In the 10 years since Sylvio’s banishment from the court of the young Prince Carmelo, he has made a life for himself and his wife Aletta in a rural village. Able to relax away from the problems of state, Sylvio would like nothing more than to retire to a quiet life of making bows by hand. A gifted bone speaker, he creates bows of the bones of the recently deceased. These bows speak to their users, and supernaturally protect their homelands. Sylvio doesn’t brag about his gift, but he doesn’t hide it either. Aletta on the other hand, is a gifted Strega, or truthsayer, a skill that is welcome anywhere she goes.
When Prince Carmelo demands Sylvio return to court, he and Aletta have every reason to be nervous. They travel with the village’s caravan to the capital city, only to be faced with ruinous taxes, foreign mercenaries, rumors of Carmelo’s waning sanity, and trade ambassadors with ambiguous alliances. With little warning, Sylvio and Aletta must decide who they can trust, and they must decide fast. Sylvio must choose: betray the prince he loves, or leave his countrymen behind to fend for themselves.
When Sylvio is captured and horrifically disfigured by Carmelo’s mercenaries, his choice becomes clear. But is he strong enough to go through with it? Carmelo has forced Sylvio’s hand, and Sylvio speaks with the voices of the dead.
There is so much more I want to tell you, characters, betrayals, yearnings, latent gifts and madnesses . . . but trust me when I say you’ll enjoy it more if you discover it for yourself.

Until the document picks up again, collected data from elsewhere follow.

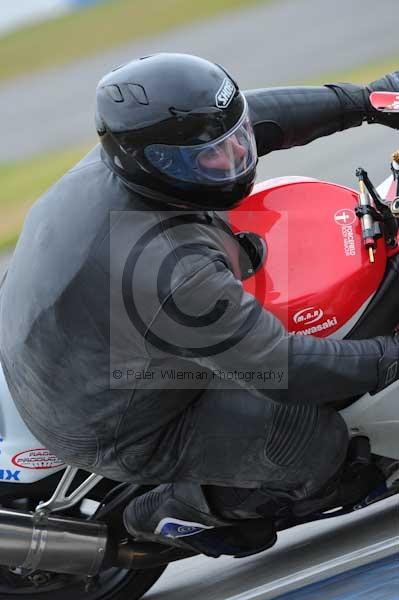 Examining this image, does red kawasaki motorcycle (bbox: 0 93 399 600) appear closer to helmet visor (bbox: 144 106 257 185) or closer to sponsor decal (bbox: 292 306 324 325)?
sponsor decal (bbox: 292 306 324 325)

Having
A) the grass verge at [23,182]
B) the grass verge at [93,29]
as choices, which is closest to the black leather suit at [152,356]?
the grass verge at [23,182]

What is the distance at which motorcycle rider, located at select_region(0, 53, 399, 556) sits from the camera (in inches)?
112

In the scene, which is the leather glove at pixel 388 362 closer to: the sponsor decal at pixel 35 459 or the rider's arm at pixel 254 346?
the rider's arm at pixel 254 346

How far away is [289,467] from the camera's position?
3312 mm

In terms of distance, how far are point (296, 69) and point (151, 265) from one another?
501 inches

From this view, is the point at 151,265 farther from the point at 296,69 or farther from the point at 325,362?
the point at 296,69

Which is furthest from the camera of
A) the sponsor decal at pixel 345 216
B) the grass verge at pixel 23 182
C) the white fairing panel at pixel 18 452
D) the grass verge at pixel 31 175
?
the grass verge at pixel 31 175

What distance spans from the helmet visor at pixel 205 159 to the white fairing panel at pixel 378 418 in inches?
34.1

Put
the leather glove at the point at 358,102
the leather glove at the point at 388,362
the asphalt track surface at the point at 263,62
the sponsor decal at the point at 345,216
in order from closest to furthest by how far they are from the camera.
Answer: the leather glove at the point at 388,362 → the sponsor decal at the point at 345,216 → the leather glove at the point at 358,102 → the asphalt track surface at the point at 263,62

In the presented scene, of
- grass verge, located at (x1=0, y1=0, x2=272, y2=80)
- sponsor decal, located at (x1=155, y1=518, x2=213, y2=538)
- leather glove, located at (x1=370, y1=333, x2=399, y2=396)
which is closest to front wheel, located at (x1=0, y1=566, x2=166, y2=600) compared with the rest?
sponsor decal, located at (x1=155, y1=518, x2=213, y2=538)

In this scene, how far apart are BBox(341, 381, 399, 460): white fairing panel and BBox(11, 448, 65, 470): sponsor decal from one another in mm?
960

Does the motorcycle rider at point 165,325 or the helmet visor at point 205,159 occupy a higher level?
the helmet visor at point 205,159

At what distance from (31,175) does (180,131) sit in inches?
397

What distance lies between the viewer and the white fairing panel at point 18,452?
3510mm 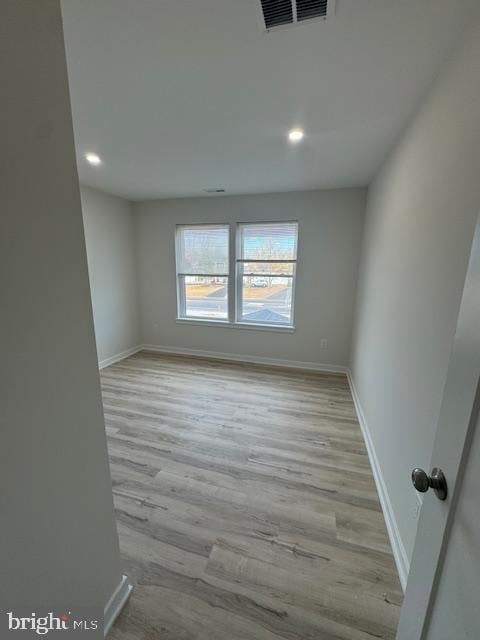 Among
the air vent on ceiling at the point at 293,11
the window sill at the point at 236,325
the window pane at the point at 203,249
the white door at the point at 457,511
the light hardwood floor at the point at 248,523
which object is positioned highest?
the air vent on ceiling at the point at 293,11

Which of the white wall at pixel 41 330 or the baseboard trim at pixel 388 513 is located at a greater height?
the white wall at pixel 41 330

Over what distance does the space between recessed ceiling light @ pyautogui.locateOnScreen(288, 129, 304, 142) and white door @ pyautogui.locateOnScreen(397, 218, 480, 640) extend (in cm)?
173

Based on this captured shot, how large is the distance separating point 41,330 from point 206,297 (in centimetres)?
351

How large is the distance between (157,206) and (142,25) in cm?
317

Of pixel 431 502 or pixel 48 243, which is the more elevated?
pixel 48 243

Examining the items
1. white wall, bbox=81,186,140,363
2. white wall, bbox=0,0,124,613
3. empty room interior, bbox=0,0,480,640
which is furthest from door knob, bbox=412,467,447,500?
white wall, bbox=81,186,140,363

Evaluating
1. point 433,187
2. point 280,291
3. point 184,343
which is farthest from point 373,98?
point 184,343

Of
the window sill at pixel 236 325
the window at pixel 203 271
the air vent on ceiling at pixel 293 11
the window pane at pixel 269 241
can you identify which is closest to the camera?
the air vent on ceiling at pixel 293 11

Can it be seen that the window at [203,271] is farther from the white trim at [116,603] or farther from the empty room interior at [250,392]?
the white trim at [116,603]

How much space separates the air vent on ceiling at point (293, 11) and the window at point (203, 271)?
282 centimetres

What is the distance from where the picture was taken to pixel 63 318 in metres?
0.80

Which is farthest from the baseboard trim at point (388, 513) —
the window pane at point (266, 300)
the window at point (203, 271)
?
the window at point (203, 271)

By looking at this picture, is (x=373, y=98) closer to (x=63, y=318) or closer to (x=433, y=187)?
(x=433, y=187)

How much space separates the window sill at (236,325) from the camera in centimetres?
385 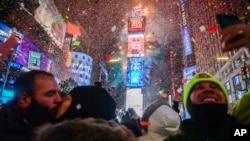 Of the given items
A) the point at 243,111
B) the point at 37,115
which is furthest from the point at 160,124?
the point at 37,115

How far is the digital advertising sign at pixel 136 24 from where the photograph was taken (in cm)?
4297

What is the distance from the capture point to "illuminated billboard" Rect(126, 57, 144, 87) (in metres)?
38.9

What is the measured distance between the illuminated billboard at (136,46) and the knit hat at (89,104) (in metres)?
38.2

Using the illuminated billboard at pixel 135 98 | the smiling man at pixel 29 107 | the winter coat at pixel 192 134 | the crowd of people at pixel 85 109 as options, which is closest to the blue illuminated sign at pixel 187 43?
the illuminated billboard at pixel 135 98

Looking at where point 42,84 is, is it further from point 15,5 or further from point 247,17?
point 247,17

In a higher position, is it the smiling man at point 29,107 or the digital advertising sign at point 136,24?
the digital advertising sign at point 136,24

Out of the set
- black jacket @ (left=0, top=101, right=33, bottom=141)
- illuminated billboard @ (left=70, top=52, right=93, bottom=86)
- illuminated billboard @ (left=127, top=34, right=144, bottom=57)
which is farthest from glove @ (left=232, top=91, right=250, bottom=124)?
illuminated billboard @ (left=70, top=52, right=93, bottom=86)

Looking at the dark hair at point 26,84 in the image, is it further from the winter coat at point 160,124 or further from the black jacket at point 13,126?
the winter coat at point 160,124

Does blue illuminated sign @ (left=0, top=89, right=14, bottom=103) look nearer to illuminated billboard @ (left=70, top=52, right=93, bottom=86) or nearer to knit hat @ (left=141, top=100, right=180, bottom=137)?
knit hat @ (left=141, top=100, right=180, bottom=137)

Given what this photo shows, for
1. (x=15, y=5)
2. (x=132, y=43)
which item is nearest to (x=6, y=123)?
(x=15, y=5)

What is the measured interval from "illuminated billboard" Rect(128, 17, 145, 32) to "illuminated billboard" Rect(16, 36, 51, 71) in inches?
683

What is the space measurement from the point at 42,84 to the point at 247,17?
36.8 meters

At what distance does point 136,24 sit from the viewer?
44000 millimetres

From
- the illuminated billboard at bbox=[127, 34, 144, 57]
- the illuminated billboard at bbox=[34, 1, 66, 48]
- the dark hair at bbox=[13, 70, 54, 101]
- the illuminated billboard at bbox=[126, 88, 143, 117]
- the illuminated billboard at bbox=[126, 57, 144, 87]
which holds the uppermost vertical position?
the illuminated billboard at bbox=[34, 1, 66, 48]
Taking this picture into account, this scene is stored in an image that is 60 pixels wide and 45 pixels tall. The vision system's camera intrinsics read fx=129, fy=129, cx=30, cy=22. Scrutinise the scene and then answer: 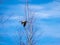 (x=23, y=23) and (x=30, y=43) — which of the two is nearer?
(x=23, y=23)

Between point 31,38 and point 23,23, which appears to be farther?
point 31,38

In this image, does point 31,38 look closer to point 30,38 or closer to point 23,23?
point 30,38

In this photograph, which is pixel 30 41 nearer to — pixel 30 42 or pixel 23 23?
pixel 30 42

Along with natural sounding and witty dialogue, Stephens presents a renaissance Italianesque world populated by a unique ancestor worshipping population. You can’t help but love Sylvio and Aletta, this is a mature and intelligent couple who has been together for decades. They trust each other implicity, and know when they can be selfish and when they can’t. These are the people I want to grow up to be, and other than Prince Carmelo, this is a world I want to live in.
I have a few words of advice regarding the reading of From Mountains of Ice – pay attention to everything, and read slowly. Once the action gets going, and it gets going pretty quickly, this is a nonstop ride filled with surprises at every turn. At times I complain that books are too long, that the author took too many pages to get the plot going, From Mountains of Ice was the opposite. Not a slow moment, not a wasted scene, I didn’t want it to end.
If you are a fan of historical fiction or historical fantasy, From Mountains of Ice is an enjoyable and satisfying read, filled with political intrigue, passionate characters living in a beautiful and alluring world.
My first review of 2011 is from 5Rivers, an indie publisher in Canada. These are some cool folks: operating out of a historical home, they embrace traditional handcrafts and high tech publishing options. Check our their website, and their blog, which has among other things some great articles on the new universe of publishing and e-books, from the publishers point of view.
January 8, 2011 at 7:48 am
This sounds really interesting, but making bows out of bones? How does Sylvio make them flexible?
Sorry, but that was the thing which really caught my eye!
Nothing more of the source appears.